Dire que le jury existe dans le système national de fonction publique est une pure outrance de langage. Rappelons ce qu'en dit le décret exécutif n°12-194 du 25 avril 2012, en son article 26, dernier texte en date à régir les concours, examens et tests professionnels au sein des institutions et administrations publiques: «la liste des candidats admis définitivement aux concours sur épreuves, examens et tests professionnels est arrêtée par ordre de mérite dans la limite des postes budgétaires ouverts, parmi les candidats ayant obtenu une moyenne générale égale au moins à 10 sur 20 et n'ayant pas obtenu de note éliminatoire par un jury composé de l'autorité ayant pouvoir de nomination ou de l'autorité de tutelle ou de son représentant président, du responsable du centre d'examen membre et de deux correcteurs des épreuves membres». Vu de près, c'est presque tentant de dire que ça ressemble à un jury mais il n'en est strictement rien. En fait, il s'agit d'un simple glissement sémantique ou d'un artifice commode qui permet d'attribuer la dénomination de jury à une commission hétéroclite qui se voit investie du pouvoir de valider des résultats des concours et des examens qui lui sont servis sur un plateau (c'est bien le cas de le dire) apprêtés et conditionnés selon les us et coutumes de chaque centre d'examen, sans que cette commission puisse prétendre exercer la moindre appréciation sur les prestations des candidats. Au mieux, on peut parler d'une commission d'homologation des résultats qui intervient au bout du bout des opérations de concours pour les gratifier d'un agrément formel qui se suffit de collationner, à rebours, les différentes phases qui jalonnent la vie des concours ou des examens en jouant un peu de la calculette pour que l'illusion soit complète et qu'elle puisse dire qu'elle s'est bien assurée de l'exactitude des résultats qui lui ont été soumis.
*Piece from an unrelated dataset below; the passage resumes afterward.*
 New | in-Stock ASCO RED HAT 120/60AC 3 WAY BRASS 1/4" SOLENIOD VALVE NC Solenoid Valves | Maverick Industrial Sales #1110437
Voyons plutôt ce que doit être un jury de la fonction publique, qui ressemble à s'y méprendre aux jurys universitaires en tant qu'ils partagent la même préoccupation et qui militent tous deux pour que le jury soit une institution souveraine pensée et conçue pour assumer un rôle éminent et décisif dans l'organisation des concours et dans l'établissement des mérites des candidats. Les résultats des concours sont déclarés dans le strict respect du principe d'équité, d'impartialité et de neutralité. Son rôle n'est pas que pur protocole, le jury est maître de la conduite de toutes les opérations de concours jusqu'aux délibérations finales qui marquent leur clôture définitive. C'est à lui de fixer les seuils d'admissibilité et d'admission, au point même qu'il a loisir de refuser en bloc l'ensemble des candidats s'il estime que ceux-ci ne justifient pas des qualités nécessaires pour leur admission. On est à mille lieues du jury à la mode de chez nous: regardons plutôt ce qui se passe le plus souvent lors des concours de recrutement des maîtres assistants et des chercheurs permanents, pour ne citer que ceux-là, où les jurys se voient obligés d'admettre bien souvent des candidats, répondant certes formellement aux conditions statutaires requises, mais dont le niveau de compétence réel est très en deçà des standards, ce qui en fait des lauréats par défaut. Il faut faire œuvre de salubrité publique pour réformer ce type de jury, qui n'est ni légitime ni efficace, pour lui substituer un type de jury, maître de ses décisions et qui n'aura rien à se reprocher au regard des règles universelles établies qui sont rappelées ci-dessous (et pas de procès en sorcellerie ! nous n'avons aucun droit d'auteur à revendiquer, nous ne pouvons prêcher une chose et faire son contraire, c'est juste une recension de dispositions provenant de la jurisprudence la mieux partagée des pays s'inspirant des exemples avancés):

- Composition du jury

Le jury est indépendant de l'autorité qui organise le concours.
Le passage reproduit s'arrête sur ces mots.